Raw data:
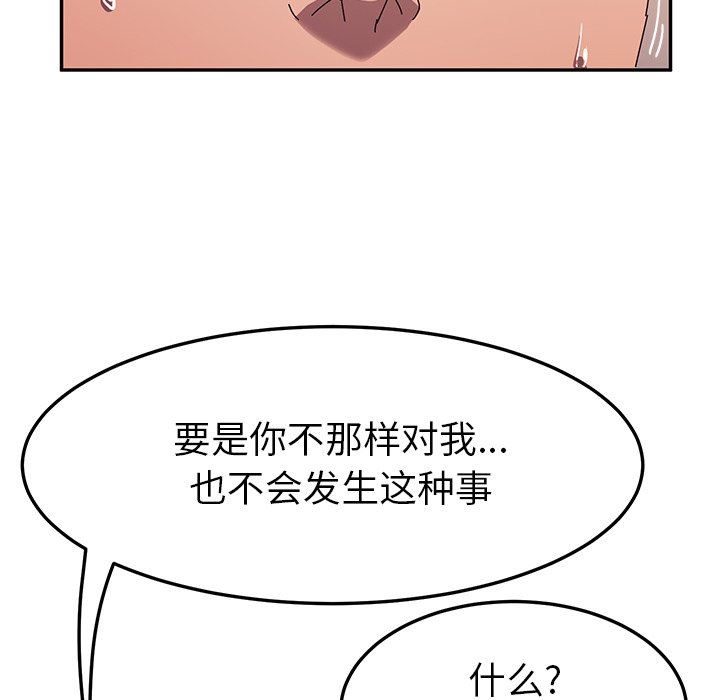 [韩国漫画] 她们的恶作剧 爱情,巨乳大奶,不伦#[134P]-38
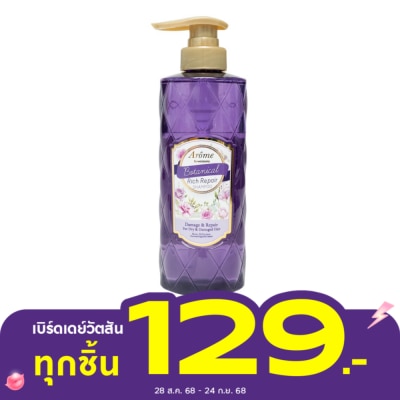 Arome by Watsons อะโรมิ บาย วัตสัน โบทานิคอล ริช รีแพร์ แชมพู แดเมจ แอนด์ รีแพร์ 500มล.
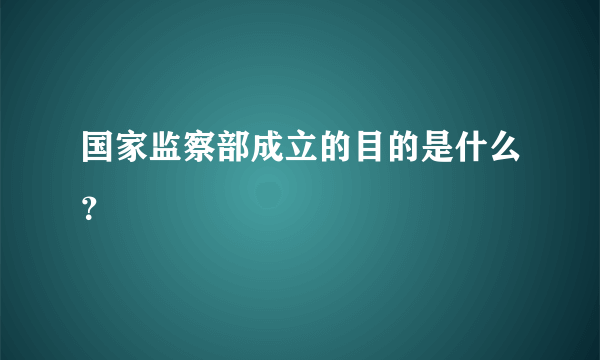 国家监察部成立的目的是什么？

Work required:
Print the listing word for word, but omit the pictures.

Response below:
 [韩国漫画] 她们的恶作剧 爱情,巨乳大奶,不伦#[134P]-38
 Arome by Watsons อะโรมิ บาย วัตสัน โบทานิคอล ริช รีแพร์ แชมพู แดเมจ แอนด์ รีแพร์ 500มล.
 国家监察部成立的目的是什么？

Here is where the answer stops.